Development of a High Sample Rate Seafloor Geodetic System for Monitoring Oceanic Faults and Magmatic Systems
J. McGuire, W. Witzell, and M. Gould
Marine Chemistry & Geochemistry Department

The majority of plate boundary deformation occurs beneath the oceans through aseismic processes (i.e., without earthquakes) such as silent fault-slip, viscous mantle flow, and magma intrusion. Seafloor geodetic instrumentation potentially capable of sub cm level accuracy over baselines of a few km has recently become available and is poised to revolutionize the study of seafloor deformation. To date, seafloor geodetic measurements have been done in a "campaign" mode where the instruments are only activated when a ship is interrogating them. While campaign style measurements are sufficient for studying broad scale plate motion, they are unable to capture the temporal evolution of the seafloor's major dynamical systems during an event such as an aseismic slip transient, dyke intrusion, or hydrothermal event.
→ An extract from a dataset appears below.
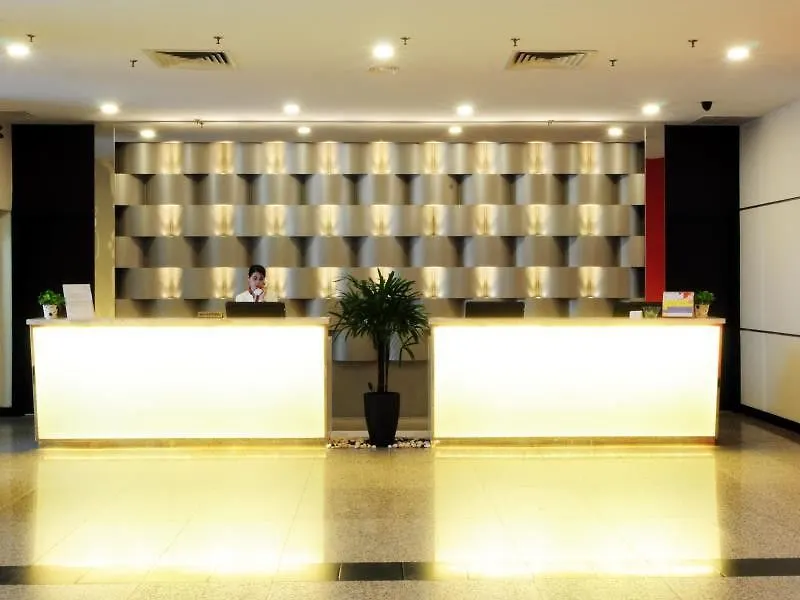 Hotel Sentral Seaview @ ​Beachfront Tanjung Bungah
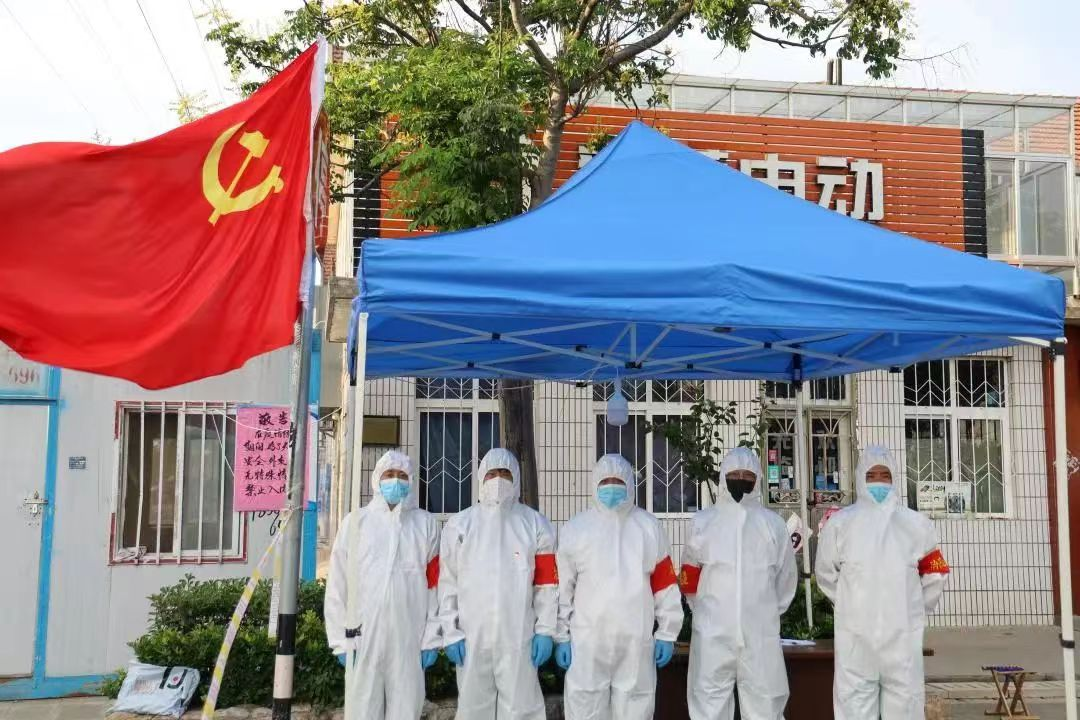 龙山街道核算检测点上的党员突击队.张涛摄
We are requesting funds to test an initial system of a high-sample rate, seafloor based, acoustic extensometer system that should be capable of capturing the temporal evolution of all of the major types of seafloor deformation events.

Analyzing the Radiocarbon Content of Very Small Samples at the National Ocean Sciences Accelerator Mass Spectrometry Facility
Ann P. McNichol and John Hayes
Geology & Geophysics Department
and
Tim Eglinton and Chris Reddy
Marine Chemistry & Geochemistry Department

Measurement of radiocarbon in natural samples provides a powerful tool for understanding the earth's carbon cycle, in the present and over the past 45,000 yr. The advent of accelerator mass spectrometry (AMS) almost two decades ago revolutionized the use radiocarbon as a tool to study the earth by reducing both the size of the sample required for analysis from grams to milligrams, and the time required for analysis from days to minutes. Paleoceanographers can now use foraminifera to obtain the age of sediment horizons while other researchers use the "bomb" signal to trace to transfer of carbon from one pool to another.
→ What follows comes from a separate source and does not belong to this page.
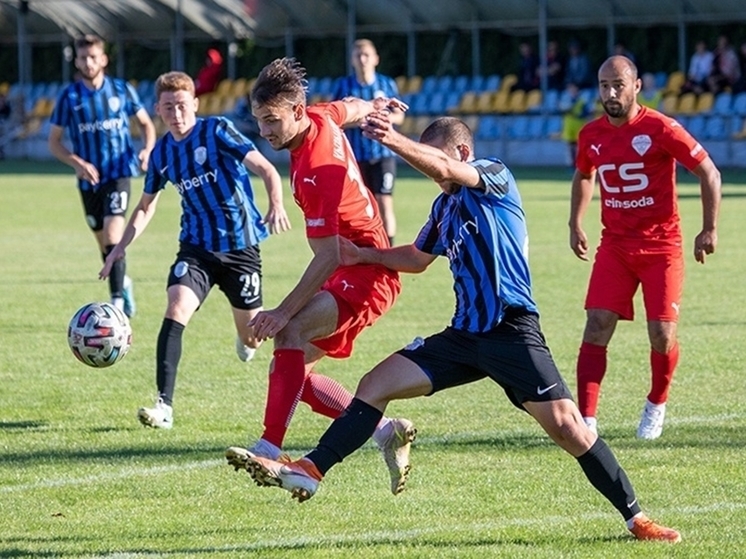 Премьер-лига КФС: "Таврия" и "Кызылташ" побеждают и уходят в отрыв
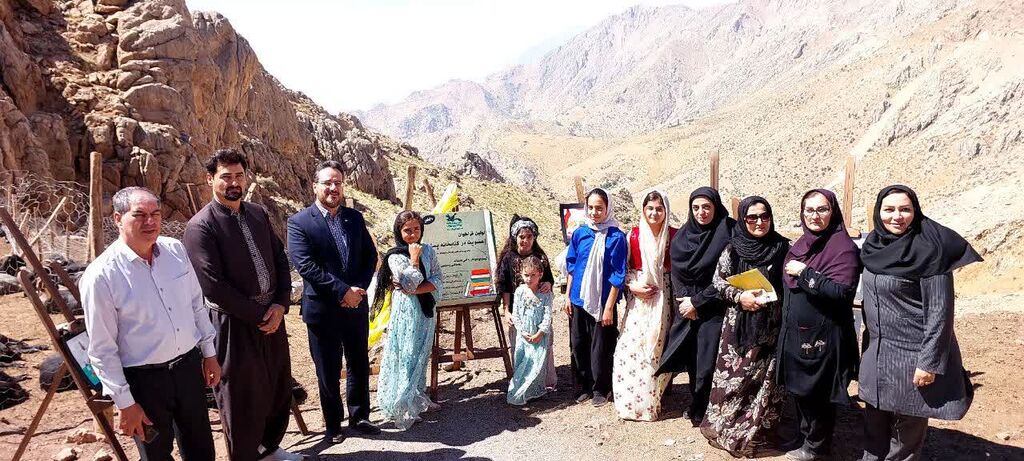 تقدیر از کودک هنرمند و کتابخوان عشایر بر بام کرمانشاه در نقطه صفر مرزی/ چتر فعالیتهای کانون کرمانشاه با اجرای طرح کتابخانه پستی دیجیتال گسترده خواهد شد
At the National Ocean Sciences AMS (NOSAMS) Facility, we provide routine radiocarbon analyses on samples containing from 100-1000 µg C. We have worked hard to reduce the size of the samples that can be analyzed on the accelerator even further and it is now possible to analyze samples containing as little as 20 µg C at NOSAMS reliably. We are considered one of the best laboratories in the world at which to analyze very small samples and other AMS labs have referred researchers to us. There still remain research areas, however, to which radiocarbon could bring valuable insights if it were possible to analyze even smaller samples. We propose here to develop and test a system that would allow us to expand the range of our analyses to include samples containing as little as 1 µg C. Successful development of a method to analyze such small samples would open new areas of research, such as dating of ice core materials, studying black carbon and rock varnish, and studying atmospheric particles, to radiocarbon and expand existing ones, such as compound specific radiocarbon analysis (CSRA).

A Long-Term Monitoring Mooring for the Arctic
Eugene A. Terray and Brian Ward
Applied Ocean Physics & Engineering Department

This proposal is focused on evaluating new technology, based on recent advances in Micro-ElectroMechanical Systems (MEMS), for measuring turbulence in ocean boundary layers. We are primarily interested in two systems: an optical time-of-flight sensor, and a shear stress sensor based on laser technology. These sensors are manufactured by the Viosense Corporation, with whom we will be working closely during this project. Our goal is to determine the expected performance of these sensors as a function of environmental conditions. We will test both sensors in a laboratory flume, acquiring data in shear flows of varying intensities. Error models for each sensor will be calibrated by comparison with the observations, and the resulting model used to predict the likely performance under various ocean conditions.